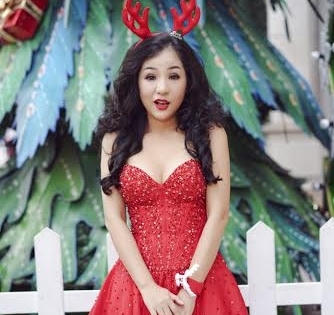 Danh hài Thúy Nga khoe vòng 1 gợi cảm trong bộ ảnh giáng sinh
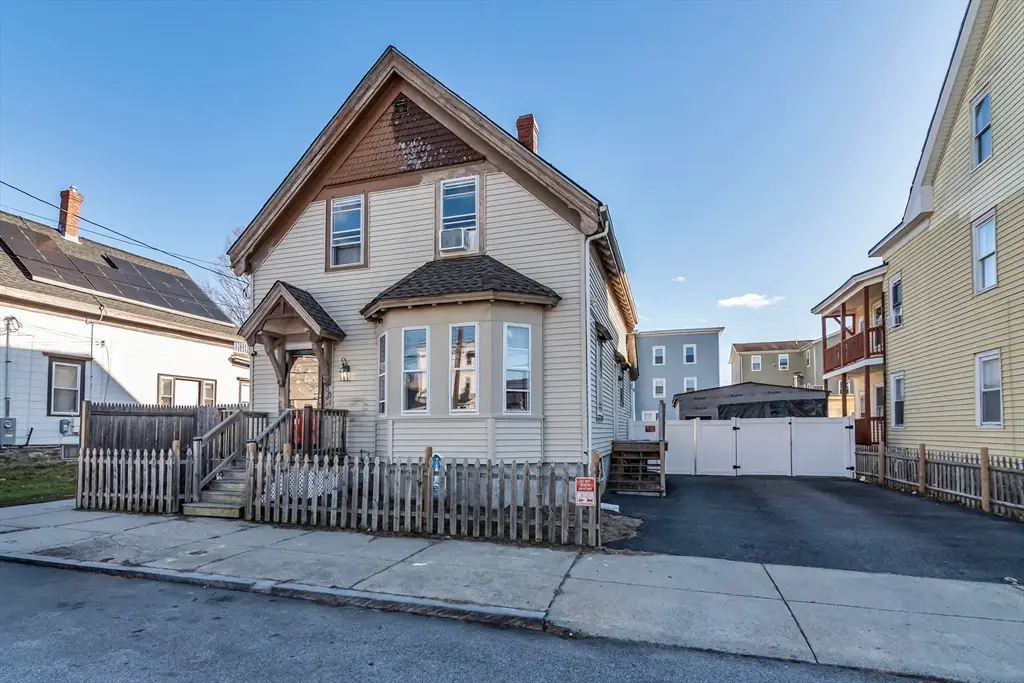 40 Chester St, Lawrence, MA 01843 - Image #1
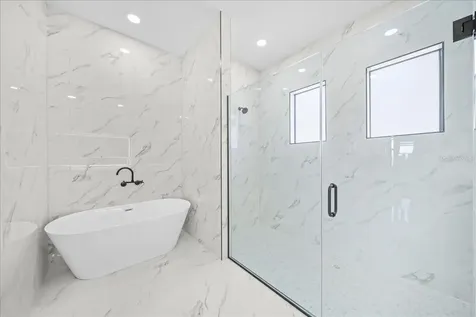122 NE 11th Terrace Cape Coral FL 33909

•••••

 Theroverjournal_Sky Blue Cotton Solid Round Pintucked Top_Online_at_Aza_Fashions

•••••

• _Exercise brief_
Output only the stretch above from the line with "Danh hài Thúy" through the line with "122 NE 11th Terrace Cape Coral FL 33909", reproduced exactly. Exclude pictures.

• _Response area_
 Danh hài Thúy Nga khoe vòng 1 gợi cảm trong bộ ảnh giáng sinh
 40 Chester St, Lawrence, MA 01843 - Image #1
122 NE 11th Terrace Cape Coral FL 33909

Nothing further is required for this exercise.